Elliot Slessor's route through Group H followed a strikingly similar pattern. A draw — this time a 2-2 with Dean Young — threatened to introduce an element of jeopardy early on, but the Geordie responded with 3-1 wins against Jackson Page and then Xu Si to top the group with seven points. Slessor is not a name that appears in many pre-tournament predictions, but on this evidence he is not here to make up the numbers.
The Stage Three Line-Up
The final eight have been divided into two Winners' Groups for Stage Three. Winners' Group 1 contains Lei Peifan, David Gilbert, Noppon Saengkham, and Slessor, while Winners' Group 2 pairs Zhang Anda with Hossein Vafaei, Jak Jones, and Dylan Emery. From those two groups, the finalists will emerge, and by the end of the day, the first ranking event champion of the 2026/27 season will be known.
What makes this particular final day so compelling is the spread of experience and ambition in the room. Of the eight players remaining, exactly half have lifted a ranking trophy before — though each has done so only once, which tells its own story about the fine margins at this level.

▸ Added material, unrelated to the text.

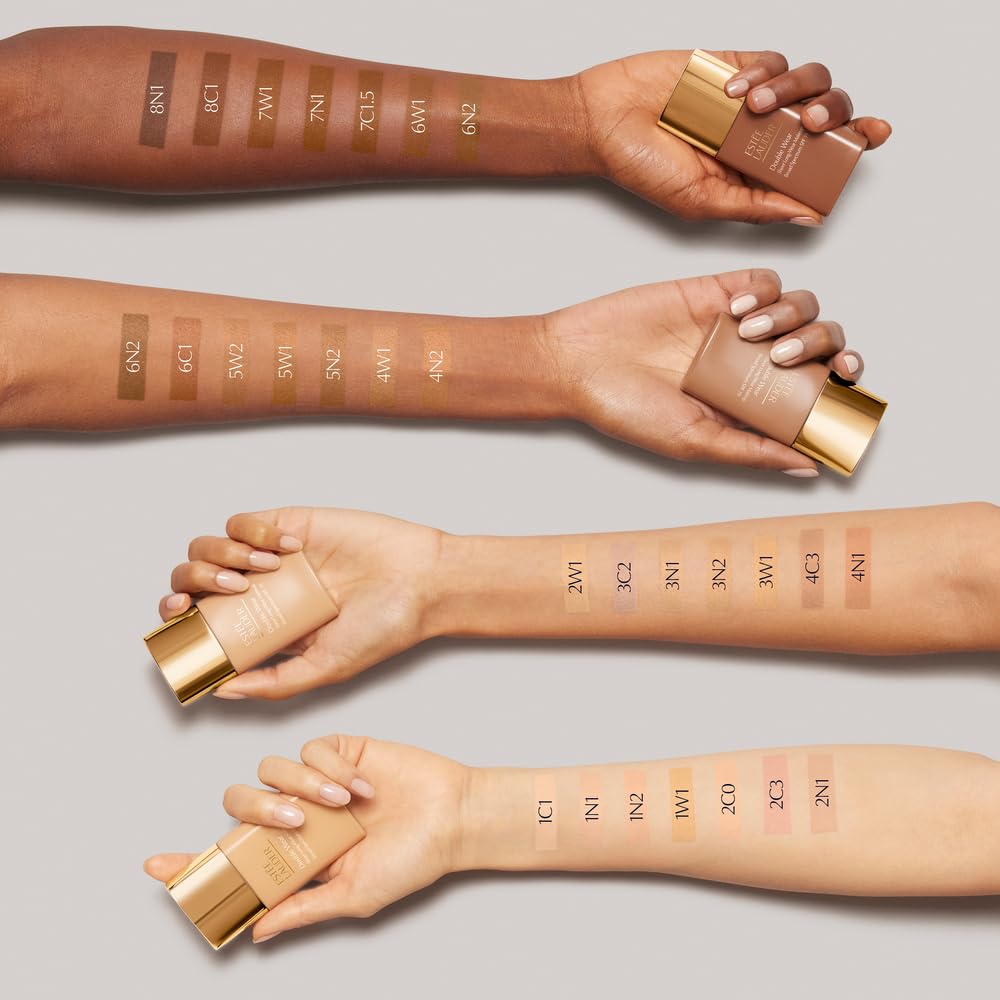 Estée Lauder Fond de Teint Double Wear Sheer Matte 5W1 Bronze application sur la peau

The Contenders: Hunger, History, and a Few First-Timers
David Gilbert is the only man standing who has actually won this tournament before, claiming the Championship League title five years ago. The Angry Farmer, as he is affectionately known on tour, will arrive at the Mattioli Arena on Wednesday knowing exactly what it takes — and knowing equally well that opportunity does not always knock twice. A second victory in this event would be a significant statement of his continued relevance at the top end of the game.
Hossein Vafaei's ranking trophy came courtesy of the Shoot Out, a format that rewards nerve and instinct over session-long concentration. Whether those qualities translate to a full-length ranking final is a question he will be eager to answer. Zhang Anda, meanwhile, is a former International Championship winner, and Lei Peifan claimed the Scottish Open — both tournament victories that demonstrate genuine big-match capability.
Then there are the four players still chasing their maiden ranking title, and here is where the real drama might lie. Noppon Saengkham came agonisingly close at the 2023 Scottish Open, losing the final to Gary Wilson. Jak Jones — whose run to the World Championship final at the Crucible just a couple of years ago announced him as a player capable of producing something remarkable on the biggest stage — will fancy his chances in a wide-open field. Elliot Slessor and Dylan Emery round out the quartet of first-title hunters, both players who have shown in this very tournament that they belong in this company.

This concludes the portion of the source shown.